Canada’s economy grew by 0.7% in November, which beats the previous record of 0.4%. Despite this, however, the 2020 annual GDP shank by -5.1%, the largest recorded contraction in Canada’s history. In addition to this, several key reports still point out the weakness for the North American country. Budget Balance report for the same month plunged by -232.02 billion on an annual basis. Meanwhile, Manufacturing PMI has slowed down to 54.4 points for January’s report. But recent articles suggest that Bank of Canada might lead the interest rate hike trend globally this 2021. The BOE also reaffirmed its commitment to keep the rates above the zero percent benchmark at least until 2024. The optimism in Canadian central bank’s policy has already created waves across the local economy. Some analysts suggest that borrowing costs might start to increase, which, in turn, will derail the expected recovery of Canada until the second half of 2021.
Despite the threats of the UK’s COVID-19 variant and uncertainty of the post-Brexit economy, recent reports still posted better-than-expected results. Consumer credit in December declined by -0.965 billion against November’s -1.467 billion data. M4 Money Supply has also slowed down on the same month by 0.7%, which is positive news for the British pound. While the United Kingdom is in a lockdown, Britain’s Manufacturing PMI soared to 54.1 points. The result of the Purchasing Managers Index for the manufacturing sector suggests the world’s fifth largest economy’s resilience amid the pandemic. Meanwhile, the US had a mixed result for its recent reports. While personal income advanced by 0.6% in December, consumers are still reluctant to spend as shown in a personal spending report. Figure came in at -0.2% for December. Meanwhile, personal consumption shrank by -0.6% for the same month.

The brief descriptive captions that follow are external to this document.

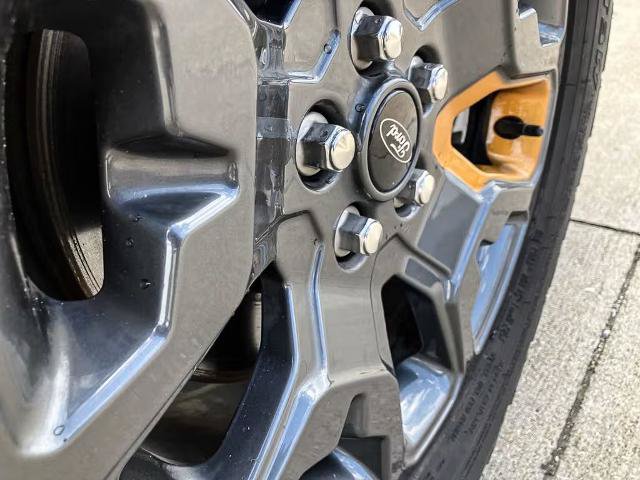 Certified 2024 Ford Maverick Tremor w/ Tremor Off-Road Package AWD/4WD image 15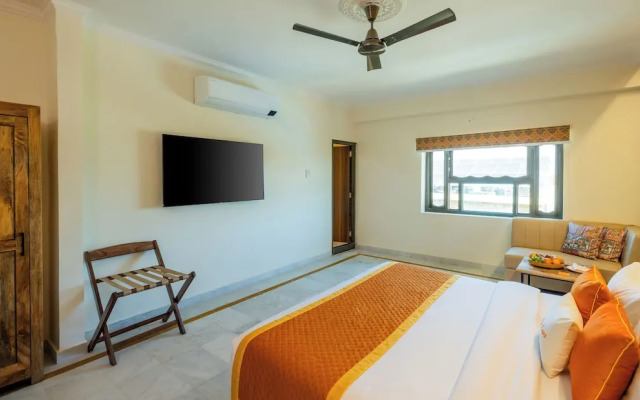 Zone Connect by The Park Jaisalmer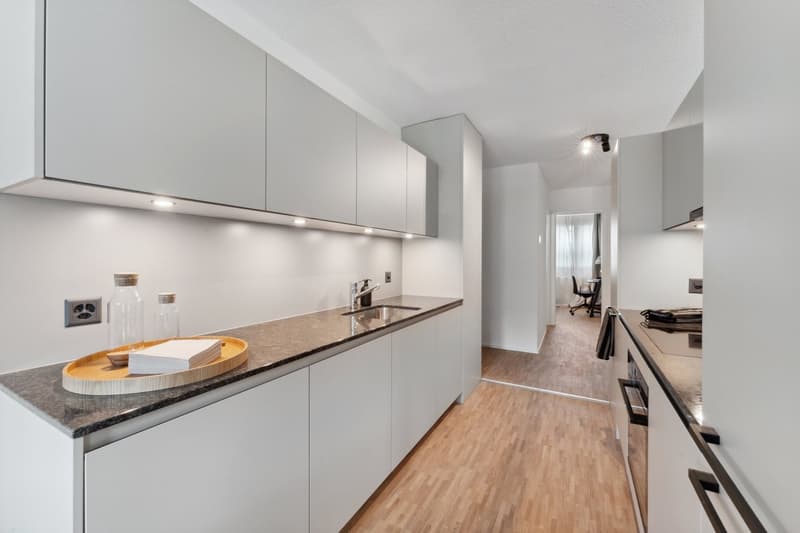 Sogno di casa in posizione centrale (5)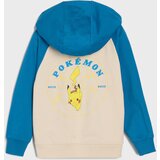 Sinsay Gornji dio trenirke s kapuljačom Pokémon | shoptok.hr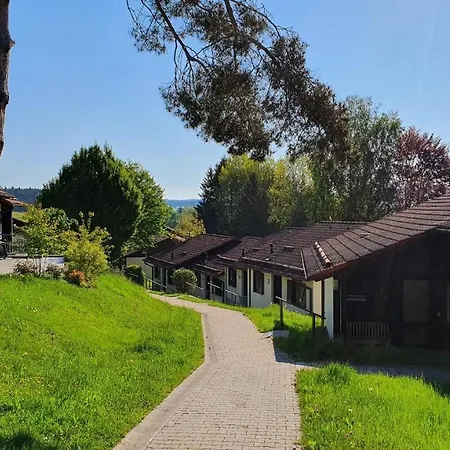 Feriendorf Hochbergle Haus 95 Nyaraló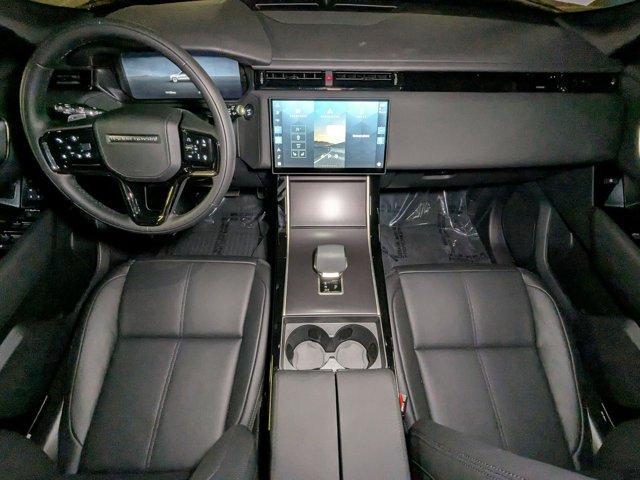 new 2026 Land Rover Range Rover Velar car, priced at $76,340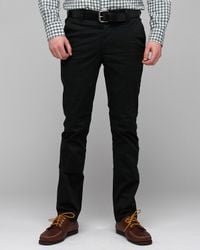Comune | Black Raul Pant for Men | Lyst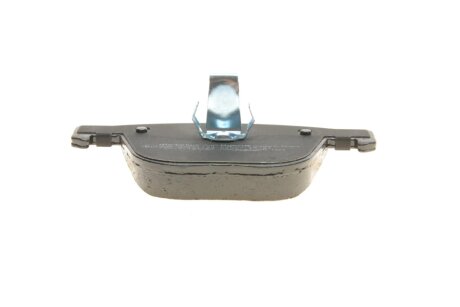 Тормозные колодки metelli 2207739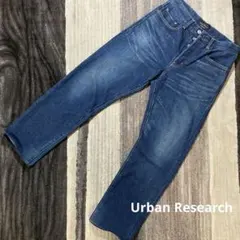 Urban Research アーバンリサーチ　デニム　ジーンズ　サイズ36のサムネイル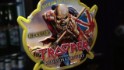 Iron Maiden beer: Now on tap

The euro currency will soar against its Canadian counterpart in coming sessions. This was amid the upbeat data from the EU and its member states. The EU bloc’s Manufacturing PMI for January inched higher to 54.8 points. The same is true for France, which had 51.6 points result against 51.5 points prior. Meanwhile, Germany’s data has slowed down to 57.1 points, but is still above the 57.0 points expectations. Italy had the best result from the eurozone after beating December’s 52.8 points result and 52.4 points expectations with 55.1 points actual data. Results from Friday, January 29, was also better-than-expected. French consumer spending was up by 23.0% despite the resurgence of COVID-19 in the country during the same month. The drawback for the single currency was a possible introduction of fresh stimulus to further support the EU bloc’s economy. The latest stimulus package was unveiled in December at $2.2 trillion.
Japan is set to publish its Services PMI report on Tuesday, February 02. While the government didn’t provide any estimate for the looming report, analysts are expecting lower figures just like the data posted for the manufacturing sector. On Sunday, January 31, the Manufacturing PMI came in at 49.8 points against a 49.7 points result in December. While the number was comparatively higher than the previous record, it still failed to increase to the 50-point benchmark. In other news, Prime Minister Yoshihide Suga has extended the country’s lockdown until March 07, which will further delay the economic recovery in the world’s third-largest economy. The Japanese government has also allowed the Tokyo Olympics to resume in June. However, the rise in COVID-19 cases during this time could send the Japanese economy lower. As for New Zealand, coronavirus infections were still under control, which will result in a robust recovery.